Its features, in short, are cause for both hope and despair, and it is hard for either an Indian or a foreigner to write of the country without passion and commitment. To temper these emotions so that perception remains true and judgement balanced is the most difficult task of all, and because he has succeeded in this I find Ved Mehta’s Portrait of India one of the best books on the subject to appear in recent years. I compare its tone with Arthur Koestler’s fastidious repulsion, with Ronald Segal’s deliberately shocking sensationalism, with the horror that haunted V. S. Naipaul when he returned to the land of his ancestors, and I find in Mehta’s mingling of compassion, knowledge and perception, in his cool but relentlessly honest tone, an image of India far closer to the one I carry in my own mind and memory after many returns there.

Portrait of India, however, is not in strict terms a travel book. A collection of New Yorker pieces Mehta wrote after a visit to India, the impressions of things seen and experienced are, in the New Yorker manner, blended with historical and other background information intended to give depth to the reader’s view. The author traveled over most of the land, from the little dependent kingdoms of Sikkim and Nepal in the north down to Cape Comorin in the far south, and visited all the problem areas of the 1960s from Kashmir to Kerala.
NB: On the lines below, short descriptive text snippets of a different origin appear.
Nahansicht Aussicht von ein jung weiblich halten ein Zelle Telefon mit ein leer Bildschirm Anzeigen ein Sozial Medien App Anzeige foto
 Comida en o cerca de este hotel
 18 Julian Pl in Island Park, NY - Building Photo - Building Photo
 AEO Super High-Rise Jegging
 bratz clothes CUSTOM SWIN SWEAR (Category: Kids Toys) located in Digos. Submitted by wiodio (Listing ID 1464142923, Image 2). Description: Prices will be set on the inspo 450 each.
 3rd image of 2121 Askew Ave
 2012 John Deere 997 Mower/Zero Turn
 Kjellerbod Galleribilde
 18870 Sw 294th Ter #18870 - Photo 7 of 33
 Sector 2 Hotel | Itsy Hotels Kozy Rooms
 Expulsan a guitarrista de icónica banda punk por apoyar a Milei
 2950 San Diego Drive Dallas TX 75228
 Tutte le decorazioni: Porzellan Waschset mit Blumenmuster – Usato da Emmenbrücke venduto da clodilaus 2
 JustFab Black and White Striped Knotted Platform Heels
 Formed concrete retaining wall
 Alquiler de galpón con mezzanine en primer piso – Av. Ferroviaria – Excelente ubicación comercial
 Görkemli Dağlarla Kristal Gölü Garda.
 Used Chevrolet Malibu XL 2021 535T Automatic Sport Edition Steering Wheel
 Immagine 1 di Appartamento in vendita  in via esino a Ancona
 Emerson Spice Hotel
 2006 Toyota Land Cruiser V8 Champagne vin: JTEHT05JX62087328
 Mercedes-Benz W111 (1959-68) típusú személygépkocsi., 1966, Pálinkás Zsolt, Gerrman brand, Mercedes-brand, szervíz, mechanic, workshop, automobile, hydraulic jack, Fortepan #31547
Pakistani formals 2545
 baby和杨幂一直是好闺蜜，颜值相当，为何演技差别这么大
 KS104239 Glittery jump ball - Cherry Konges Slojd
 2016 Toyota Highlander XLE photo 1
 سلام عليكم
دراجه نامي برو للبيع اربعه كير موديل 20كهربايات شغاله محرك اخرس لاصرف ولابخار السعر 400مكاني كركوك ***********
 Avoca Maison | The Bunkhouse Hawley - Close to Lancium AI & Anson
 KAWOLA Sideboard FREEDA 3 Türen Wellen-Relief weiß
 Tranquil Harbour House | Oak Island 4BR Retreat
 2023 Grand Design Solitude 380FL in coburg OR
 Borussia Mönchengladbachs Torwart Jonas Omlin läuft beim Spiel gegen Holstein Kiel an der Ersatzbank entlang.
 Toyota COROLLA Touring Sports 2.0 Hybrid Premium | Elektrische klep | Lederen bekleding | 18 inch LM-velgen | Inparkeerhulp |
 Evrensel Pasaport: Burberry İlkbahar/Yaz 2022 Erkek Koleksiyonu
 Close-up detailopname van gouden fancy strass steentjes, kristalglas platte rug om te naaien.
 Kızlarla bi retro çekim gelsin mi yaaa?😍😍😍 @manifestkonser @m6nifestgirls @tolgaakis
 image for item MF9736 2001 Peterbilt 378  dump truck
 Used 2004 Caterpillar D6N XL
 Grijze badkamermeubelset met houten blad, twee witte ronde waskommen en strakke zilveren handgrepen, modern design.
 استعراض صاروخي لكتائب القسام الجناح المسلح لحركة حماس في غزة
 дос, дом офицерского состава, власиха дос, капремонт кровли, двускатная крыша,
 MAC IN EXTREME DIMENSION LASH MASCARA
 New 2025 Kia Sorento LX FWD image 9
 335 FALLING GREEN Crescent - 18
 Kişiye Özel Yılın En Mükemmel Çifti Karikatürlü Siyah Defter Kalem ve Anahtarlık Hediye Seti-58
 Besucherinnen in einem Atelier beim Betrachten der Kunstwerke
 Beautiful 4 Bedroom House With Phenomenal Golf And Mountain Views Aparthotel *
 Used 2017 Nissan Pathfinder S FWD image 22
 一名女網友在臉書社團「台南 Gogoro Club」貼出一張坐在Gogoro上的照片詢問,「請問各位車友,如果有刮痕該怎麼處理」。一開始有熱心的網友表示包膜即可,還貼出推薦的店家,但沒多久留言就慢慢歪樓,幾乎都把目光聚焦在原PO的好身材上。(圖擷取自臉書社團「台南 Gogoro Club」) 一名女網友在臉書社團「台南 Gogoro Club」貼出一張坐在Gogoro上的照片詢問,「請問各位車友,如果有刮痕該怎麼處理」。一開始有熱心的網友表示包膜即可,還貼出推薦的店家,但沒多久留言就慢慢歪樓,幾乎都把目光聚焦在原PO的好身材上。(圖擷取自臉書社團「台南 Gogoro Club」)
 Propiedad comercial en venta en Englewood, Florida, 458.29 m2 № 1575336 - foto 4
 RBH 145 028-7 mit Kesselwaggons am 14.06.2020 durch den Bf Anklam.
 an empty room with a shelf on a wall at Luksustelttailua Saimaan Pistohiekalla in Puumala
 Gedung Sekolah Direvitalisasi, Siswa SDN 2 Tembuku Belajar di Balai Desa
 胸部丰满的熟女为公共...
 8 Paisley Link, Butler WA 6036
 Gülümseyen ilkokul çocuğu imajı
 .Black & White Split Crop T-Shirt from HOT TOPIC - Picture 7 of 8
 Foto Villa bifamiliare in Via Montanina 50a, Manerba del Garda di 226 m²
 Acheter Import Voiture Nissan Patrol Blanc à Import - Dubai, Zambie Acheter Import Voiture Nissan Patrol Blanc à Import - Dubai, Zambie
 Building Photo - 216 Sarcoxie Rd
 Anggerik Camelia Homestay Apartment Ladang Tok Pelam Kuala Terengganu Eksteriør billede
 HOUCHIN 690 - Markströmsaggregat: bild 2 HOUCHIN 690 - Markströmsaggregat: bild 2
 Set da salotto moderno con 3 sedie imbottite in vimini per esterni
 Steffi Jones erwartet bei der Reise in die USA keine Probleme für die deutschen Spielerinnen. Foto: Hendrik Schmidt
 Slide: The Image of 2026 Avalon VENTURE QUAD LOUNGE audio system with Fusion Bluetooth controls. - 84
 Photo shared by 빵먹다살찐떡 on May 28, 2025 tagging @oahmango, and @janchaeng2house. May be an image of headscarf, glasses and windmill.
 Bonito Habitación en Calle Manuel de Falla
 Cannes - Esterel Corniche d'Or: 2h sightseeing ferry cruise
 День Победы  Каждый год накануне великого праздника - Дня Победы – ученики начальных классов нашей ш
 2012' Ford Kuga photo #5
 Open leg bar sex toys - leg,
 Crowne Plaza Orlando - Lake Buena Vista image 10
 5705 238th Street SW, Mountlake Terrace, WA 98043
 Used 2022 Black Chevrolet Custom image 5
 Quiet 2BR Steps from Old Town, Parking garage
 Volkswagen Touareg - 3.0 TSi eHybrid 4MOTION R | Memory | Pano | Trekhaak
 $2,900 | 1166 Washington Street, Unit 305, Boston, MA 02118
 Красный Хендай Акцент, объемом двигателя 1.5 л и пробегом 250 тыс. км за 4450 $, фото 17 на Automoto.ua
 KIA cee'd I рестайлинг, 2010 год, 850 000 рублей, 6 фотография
Anyone who has read Mehta’s earlier and much slighter volumes, Face to Face and Walking the Indian Streets, will be aware of his peculiar relationship to his country of origin. Born in Lahore, which is now Pakistani, his family suffered the upheaval of emigration at the time of Partition, when he was in his early teens. At the age of is, he came to the United States, where he spent three years at a school in Little Rock, Arkansas, continuing his education afterward at Pomona College, overseas at Oxford, and finally at Harvard. For the last 10 years, Mehta has been on the staff of The New Yorker.

His life has made him very much a man of two worlds. He knows at least some Indian languages, and therefore can travel on the subcontinent with a protective coloring that no European, and not even a Trinidadian Indian like Naipaul, can assume. At the same time, though, Mehta sees it all from the outside; no longer tied to the world of his childhood, he observes it with a detachment no writer still situated in India could achieve. Thus his judgment is unclouded by the rather hysterical false patriotism that at times can dim even the clearest Indian vision, and he is able to see through the smoke screens created by that special vice the Indians have shared so abundantly with their British conquerors: hypocrisy.

Not that the eye he sees with is one of cold detachment; there are times when the reader is aware of an extraordinary intuitive understanding of some aspect of Indian life that otherwise seems completely alien either to Mehta’s own personality or to the Western way of existence he has elected. For example, when he attends the great mela (festival) at Allahabad, the mass ceremonial bathing in the waters of the Ganges, he perceives what motivates the naked Indian sadhus (holy men) with a far clearer apprehension than the naive Western occultists who go there imagining that they are really participating in the ancient mysteries of the East.

Indeed, Portrait of India is not only one of the most honest works written about the country in recent years, it is also something very different—a formidably true book that employs a unique perception, without sensation or bias of any kind. And to its informational value one must add the quality of the prose. India has produced a number of excellent practitioners of literary English, such as R. K. Narayan, Nirad Chaudhuri and Bhalachandra Rajan. Mehta equals the best of them, and in his latest volume he writes at the top of his form.

In arranging the book, Mehta does not use the journal method, or the chronological approach of the ordinary travel book writer. The needs of the New Yorker dictated a basically episodic structure, which the author adapted in a quite skillful way to organize his material thematically, and so take his readers on a compelling journey from light toward darkness.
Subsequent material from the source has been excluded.